───── Records for this task ─────
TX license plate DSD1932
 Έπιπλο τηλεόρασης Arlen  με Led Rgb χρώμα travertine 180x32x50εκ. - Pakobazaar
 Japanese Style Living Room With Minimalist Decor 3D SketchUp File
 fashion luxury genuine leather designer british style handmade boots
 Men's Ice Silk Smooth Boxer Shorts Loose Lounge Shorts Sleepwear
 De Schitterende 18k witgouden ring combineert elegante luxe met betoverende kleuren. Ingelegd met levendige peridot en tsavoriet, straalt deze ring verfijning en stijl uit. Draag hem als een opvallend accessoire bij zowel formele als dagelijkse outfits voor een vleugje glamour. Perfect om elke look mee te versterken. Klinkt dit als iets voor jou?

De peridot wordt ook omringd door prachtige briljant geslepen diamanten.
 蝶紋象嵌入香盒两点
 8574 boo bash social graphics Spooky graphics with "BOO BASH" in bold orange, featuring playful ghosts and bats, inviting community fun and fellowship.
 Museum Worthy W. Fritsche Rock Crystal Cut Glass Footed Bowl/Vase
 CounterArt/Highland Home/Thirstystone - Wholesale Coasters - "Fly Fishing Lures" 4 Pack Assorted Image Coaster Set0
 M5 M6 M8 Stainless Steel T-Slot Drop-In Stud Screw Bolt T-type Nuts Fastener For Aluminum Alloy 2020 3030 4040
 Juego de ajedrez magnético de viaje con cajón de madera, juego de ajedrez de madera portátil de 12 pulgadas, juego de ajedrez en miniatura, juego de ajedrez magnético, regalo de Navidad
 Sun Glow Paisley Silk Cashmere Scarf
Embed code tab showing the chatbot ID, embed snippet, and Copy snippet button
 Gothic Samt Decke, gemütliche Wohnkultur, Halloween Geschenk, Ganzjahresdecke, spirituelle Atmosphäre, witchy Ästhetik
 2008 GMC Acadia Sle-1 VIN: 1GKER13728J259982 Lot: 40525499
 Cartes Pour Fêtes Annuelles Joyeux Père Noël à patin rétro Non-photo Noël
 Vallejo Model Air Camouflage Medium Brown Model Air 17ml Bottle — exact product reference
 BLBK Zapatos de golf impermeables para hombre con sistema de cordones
─────
> How to complete this task: Lines of the data above that include the string "Silk" must each be copied.

> Answer to this exercise:
 Men's Ice Silk Smooth Boxer Shorts Loose Lounge Shorts Sleepwear
 Sun Glow Paisley Silk Cashmere Scarf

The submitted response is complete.